Diane Ravitch blames a different culprit for Milwaukee’s dismal test scores – school choice. Ravitch is an education historian at New York University. She says, in 1990, reformers bet that the answer for improving student achievement here was the Parental School Choice Program. It continues to pay the tuition of thousands of low-income Milwaukee students who choose to attend private schools, subtracting that money from MPS.

“Milwaukee has been used as a laboratory by a lot of, particularly by conservative foundations, that wanted to show that the government cannot do as good a job as the private sector. But now, after 20 years, there was no improvement in the public schools because of the competition and the competitive institutions aren’t doing any better,” Ravitch says.

There is another option in Milwaukee: charter schools. Those are public schools run by organizations such as UWM. However, a study released in March indicates charter students, also, are not doing better than their MPS counterparts.

Most other urban districts have only a public system and perhaps a smattering of charter schools.
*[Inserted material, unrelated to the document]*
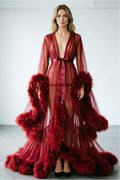 Sexy Feather Bell Sleeve Trailing Dress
That’s the case in Aldine, Texas, in the northern part of Houston. We called the district to ask how it’s been able to win national awards for student achievement, while having characteristics similar to MPS. Eighty-four percent of Aldine’s students qualify for lunch subsidies - an indication of poverty, a good number barely speak English and 97 percent are from minority groups.

Superintendent Wanda Bamberg says test scores were unacceptable, until district leaders imposed an academic structure. They designed one curriculum, dictating everything from the skills students must master before moving on, to the dates teachers must cover certain subjects.

“And I would go into buildings where they would say to me, I don’t like the scope and sequence, I don’t want to do it, you’ve taken away my creativity. And we knew that it was change and we knew we needed to support this change, but we never backed away from it,” Bamberg says.

Bamberg says other districts have begun following the same strategy, observing its success and the elation of the community.

Sister Joel Read says MPS is working on a standard curriculum, especially hoping to keep the 32 percent of students who change schools, on track. But she wishes the collective community attitude here would be more positive.

“This is the time to really rise to the occasion and to get behind that system and to make demands of it. Children don’t have control over what’s happening to them,” Read says.

As for choice and charter schools, Read says the community must also demand they succeed or put them out of business.